Exercise data »
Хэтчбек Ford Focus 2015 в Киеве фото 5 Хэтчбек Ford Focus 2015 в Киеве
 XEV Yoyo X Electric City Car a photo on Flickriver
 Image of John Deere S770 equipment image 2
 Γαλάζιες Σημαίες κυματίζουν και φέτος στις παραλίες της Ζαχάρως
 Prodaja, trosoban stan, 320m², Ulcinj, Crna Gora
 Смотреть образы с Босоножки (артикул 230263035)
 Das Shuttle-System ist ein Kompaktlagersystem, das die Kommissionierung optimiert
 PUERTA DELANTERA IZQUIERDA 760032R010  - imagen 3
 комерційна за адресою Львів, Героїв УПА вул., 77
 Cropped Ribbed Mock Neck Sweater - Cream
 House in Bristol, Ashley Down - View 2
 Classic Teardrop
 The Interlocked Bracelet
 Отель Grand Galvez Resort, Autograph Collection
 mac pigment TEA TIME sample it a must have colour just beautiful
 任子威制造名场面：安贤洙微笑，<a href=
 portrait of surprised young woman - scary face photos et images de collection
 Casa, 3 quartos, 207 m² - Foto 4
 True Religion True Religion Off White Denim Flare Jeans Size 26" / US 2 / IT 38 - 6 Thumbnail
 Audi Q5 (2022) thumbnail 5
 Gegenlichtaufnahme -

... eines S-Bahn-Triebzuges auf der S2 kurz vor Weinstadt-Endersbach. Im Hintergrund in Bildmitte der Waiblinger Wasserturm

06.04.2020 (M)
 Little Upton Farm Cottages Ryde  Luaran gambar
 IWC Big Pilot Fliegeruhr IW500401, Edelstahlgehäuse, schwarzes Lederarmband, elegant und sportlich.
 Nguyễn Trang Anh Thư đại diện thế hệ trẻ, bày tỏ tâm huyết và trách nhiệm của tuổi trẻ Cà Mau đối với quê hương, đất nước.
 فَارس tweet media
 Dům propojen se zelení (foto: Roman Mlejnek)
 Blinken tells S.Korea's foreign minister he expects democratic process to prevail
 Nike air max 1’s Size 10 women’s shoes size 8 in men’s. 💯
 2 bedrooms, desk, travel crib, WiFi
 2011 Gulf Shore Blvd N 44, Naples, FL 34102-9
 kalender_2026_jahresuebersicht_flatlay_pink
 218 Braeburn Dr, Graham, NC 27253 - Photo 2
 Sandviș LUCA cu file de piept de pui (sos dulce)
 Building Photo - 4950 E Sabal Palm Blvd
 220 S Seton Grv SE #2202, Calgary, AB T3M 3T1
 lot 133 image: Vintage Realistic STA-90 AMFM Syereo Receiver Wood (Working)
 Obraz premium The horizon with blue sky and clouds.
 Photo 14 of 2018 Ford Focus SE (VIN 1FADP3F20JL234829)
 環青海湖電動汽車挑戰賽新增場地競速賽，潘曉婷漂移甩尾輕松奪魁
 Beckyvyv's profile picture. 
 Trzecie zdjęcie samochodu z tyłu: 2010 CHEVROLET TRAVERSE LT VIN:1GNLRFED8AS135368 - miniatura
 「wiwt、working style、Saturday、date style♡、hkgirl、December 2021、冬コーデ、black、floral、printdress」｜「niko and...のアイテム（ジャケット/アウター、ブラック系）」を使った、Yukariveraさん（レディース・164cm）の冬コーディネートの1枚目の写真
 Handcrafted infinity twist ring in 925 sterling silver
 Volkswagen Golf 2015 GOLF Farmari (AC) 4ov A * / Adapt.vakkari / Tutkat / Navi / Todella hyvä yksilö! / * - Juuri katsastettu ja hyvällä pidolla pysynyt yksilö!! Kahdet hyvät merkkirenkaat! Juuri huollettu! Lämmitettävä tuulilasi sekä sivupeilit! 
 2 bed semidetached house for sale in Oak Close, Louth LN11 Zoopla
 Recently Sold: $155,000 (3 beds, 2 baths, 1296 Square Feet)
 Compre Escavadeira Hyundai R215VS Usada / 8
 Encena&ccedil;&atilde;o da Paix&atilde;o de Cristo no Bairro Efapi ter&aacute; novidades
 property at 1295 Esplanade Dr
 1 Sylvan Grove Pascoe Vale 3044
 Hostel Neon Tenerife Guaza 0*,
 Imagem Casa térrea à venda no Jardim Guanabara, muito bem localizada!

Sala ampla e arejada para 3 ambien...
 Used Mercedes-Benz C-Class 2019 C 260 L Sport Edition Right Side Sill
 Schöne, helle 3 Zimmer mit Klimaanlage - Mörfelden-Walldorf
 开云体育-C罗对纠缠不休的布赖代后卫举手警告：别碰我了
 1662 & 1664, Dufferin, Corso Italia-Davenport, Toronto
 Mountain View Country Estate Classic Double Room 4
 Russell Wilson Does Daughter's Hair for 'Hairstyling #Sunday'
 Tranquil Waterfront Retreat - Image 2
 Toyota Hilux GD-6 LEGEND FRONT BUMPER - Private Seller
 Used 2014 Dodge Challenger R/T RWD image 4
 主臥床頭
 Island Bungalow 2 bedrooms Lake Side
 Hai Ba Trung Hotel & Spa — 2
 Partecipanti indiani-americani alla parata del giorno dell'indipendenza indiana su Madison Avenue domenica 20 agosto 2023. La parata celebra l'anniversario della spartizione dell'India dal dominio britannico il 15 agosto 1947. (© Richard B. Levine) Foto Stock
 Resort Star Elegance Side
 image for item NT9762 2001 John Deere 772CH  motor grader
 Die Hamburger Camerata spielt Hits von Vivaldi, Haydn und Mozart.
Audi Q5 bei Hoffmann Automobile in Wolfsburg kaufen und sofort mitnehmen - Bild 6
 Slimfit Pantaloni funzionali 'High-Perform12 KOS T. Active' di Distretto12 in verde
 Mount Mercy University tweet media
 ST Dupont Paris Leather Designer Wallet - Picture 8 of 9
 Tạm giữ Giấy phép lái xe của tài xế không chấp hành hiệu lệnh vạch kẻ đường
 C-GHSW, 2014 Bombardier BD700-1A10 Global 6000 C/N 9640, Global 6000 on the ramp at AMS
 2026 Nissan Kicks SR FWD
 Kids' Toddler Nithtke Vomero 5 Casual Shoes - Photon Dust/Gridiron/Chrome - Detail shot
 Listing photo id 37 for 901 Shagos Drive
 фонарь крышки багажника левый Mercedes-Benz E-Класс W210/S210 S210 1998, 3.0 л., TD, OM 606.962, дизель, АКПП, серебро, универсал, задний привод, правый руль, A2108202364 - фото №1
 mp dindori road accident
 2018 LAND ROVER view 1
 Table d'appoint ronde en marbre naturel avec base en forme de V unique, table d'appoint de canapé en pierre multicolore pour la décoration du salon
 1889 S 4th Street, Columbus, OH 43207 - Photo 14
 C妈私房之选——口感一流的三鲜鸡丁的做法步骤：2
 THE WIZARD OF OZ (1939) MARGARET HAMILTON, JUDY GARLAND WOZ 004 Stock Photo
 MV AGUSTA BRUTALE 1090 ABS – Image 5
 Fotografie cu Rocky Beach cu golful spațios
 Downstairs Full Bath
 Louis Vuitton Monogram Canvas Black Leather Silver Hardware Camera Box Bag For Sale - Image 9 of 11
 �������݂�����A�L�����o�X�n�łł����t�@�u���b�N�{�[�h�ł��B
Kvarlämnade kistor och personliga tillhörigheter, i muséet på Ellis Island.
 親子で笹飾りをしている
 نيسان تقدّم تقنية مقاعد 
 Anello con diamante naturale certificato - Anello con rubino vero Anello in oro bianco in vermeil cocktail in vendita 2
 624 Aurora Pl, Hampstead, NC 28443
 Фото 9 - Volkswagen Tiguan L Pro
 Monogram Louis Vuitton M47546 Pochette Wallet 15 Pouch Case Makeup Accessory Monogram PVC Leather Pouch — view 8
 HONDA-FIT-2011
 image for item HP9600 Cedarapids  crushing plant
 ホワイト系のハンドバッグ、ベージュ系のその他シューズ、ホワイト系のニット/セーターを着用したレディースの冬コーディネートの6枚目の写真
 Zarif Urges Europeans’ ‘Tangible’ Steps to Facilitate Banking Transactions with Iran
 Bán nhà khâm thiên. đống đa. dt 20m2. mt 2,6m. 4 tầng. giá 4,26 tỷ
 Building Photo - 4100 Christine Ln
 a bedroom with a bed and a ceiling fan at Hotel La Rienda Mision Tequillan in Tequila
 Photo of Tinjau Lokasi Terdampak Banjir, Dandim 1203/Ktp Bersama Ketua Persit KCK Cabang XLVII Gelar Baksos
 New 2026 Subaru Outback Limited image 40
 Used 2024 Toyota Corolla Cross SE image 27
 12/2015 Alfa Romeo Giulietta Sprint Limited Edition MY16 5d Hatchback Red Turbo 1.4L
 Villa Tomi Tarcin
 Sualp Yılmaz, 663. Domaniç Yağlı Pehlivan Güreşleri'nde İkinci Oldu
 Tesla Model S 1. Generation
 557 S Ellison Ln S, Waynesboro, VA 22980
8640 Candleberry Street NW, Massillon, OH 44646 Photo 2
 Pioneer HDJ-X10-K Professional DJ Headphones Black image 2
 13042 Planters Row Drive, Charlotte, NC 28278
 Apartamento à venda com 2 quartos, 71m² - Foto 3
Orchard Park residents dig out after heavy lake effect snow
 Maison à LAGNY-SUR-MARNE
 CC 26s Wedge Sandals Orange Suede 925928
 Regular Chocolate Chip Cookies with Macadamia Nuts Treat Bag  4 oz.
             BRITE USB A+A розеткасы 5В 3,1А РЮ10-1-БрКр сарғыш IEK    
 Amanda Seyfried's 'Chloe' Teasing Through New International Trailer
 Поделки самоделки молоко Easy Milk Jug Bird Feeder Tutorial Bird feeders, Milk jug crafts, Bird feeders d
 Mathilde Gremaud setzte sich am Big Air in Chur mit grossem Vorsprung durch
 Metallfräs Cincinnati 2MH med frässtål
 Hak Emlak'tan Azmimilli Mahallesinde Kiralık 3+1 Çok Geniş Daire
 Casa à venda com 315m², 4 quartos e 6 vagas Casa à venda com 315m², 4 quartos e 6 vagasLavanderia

What to do » From the material above, retype precisely the lines between the line holding "Downstairs Full Bath" and the line holding "BRITE USB A+A", inclusive, and nothing beyond them.

Output of the task »
 Downstairs Full Bath
 Louis Vuitton Monogram Canvas Black Leather Silver Hardware Camera Box Bag For Sale - Image 9 of 11
 �������݂�����A�L�����o�X�n�łł����t�@�u���b�N�{�[�h�ł��B
Kvarlämnade kistor och personliga tillhörigheter, i muséet på Ellis Island.
 親子で笹飾りをしている
 نيسان تقدّم تقنية مقاعد 
 Anello con diamante naturale certificato - Anello con rubino vero Anello in oro bianco in vermeil cocktail in vendita 2
 624 Aurora Pl, Hampstead, NC 28443
 Фото 9 - Volkswagen Tiguan L Pro
 Monogram Louis Vuitton M47546 Pochette Wallet 15 Pouch Case Makeup Accessory Monogram PVC Leather Pouch — view 8
 HONDA-FIT-2011
 image for item HP9600 Cedarapids  crushing plant
 ホワイト系のハンドバッグ、ベージュ系のその他シューズ、ホワイト系のニット/セーターを着用したレディースの冬コーディネートの6枚目の写真
 Zarif Urges Europeans’ ‘Tangible’ Steps to Facilitate Banking Transactions with Iran
 Bán nhà khâm thiên. đống đa. dt 20m2. mt 2,6m. 4 tầng. giá 4,26 tỷ
 Building Photo - 4100 Christine Ln
 a bedroom with a bed and a ceiling fan at Hotel La Rienda Mision Tequillan in Tequila
 Photo of Tinjau Lokasi Terdampak Banjir, Dandim 1203/Ktp Bersama Ketua Persit KCK Cabang XLVII Gelar Baksos
 New 2026 Subaru Outback Limited image 40
 Used 2024 Toyota Corolla Cross SE image 27
 12/2015 Alfa Romeo Giulietta Sprint Limited Edition MY16 5d Hatchback Red Turbo 1.4L
 Villa Tomi Tarcin
 Sualp Yılmaz, 663. Domaniç Yağlı Pehlivan Güreşleri'nde İkinci Oldu
 Tesla Model S 1. Generation
 557 S Ellison Ln S, Waynesboro, VA 22980
8640 Candleberry Street NW, Massillon, OH 44646 Photo 2
 Pioneer HDJ-X10-K Professional DJ Headphones Black image 2
 13042 Planters Row Drive, Charlotte, NC 28278
 Apartamento à venda com 2 quartos, 71m² - Foto 3
Orchard Park residents dig out after heavy lake effect snow
 Maison à LAGNY-SUR-MARNE
 CC 26s Wedge Sandals Orange Suede 925928
 Regular Chocolate Chip Cookies with Macadamia Nuts Treat Bag  4 oz.
             BRITE USB A+A розеткасы 5В 3,1А РЮ10-1-БрКр сарғыш IEK    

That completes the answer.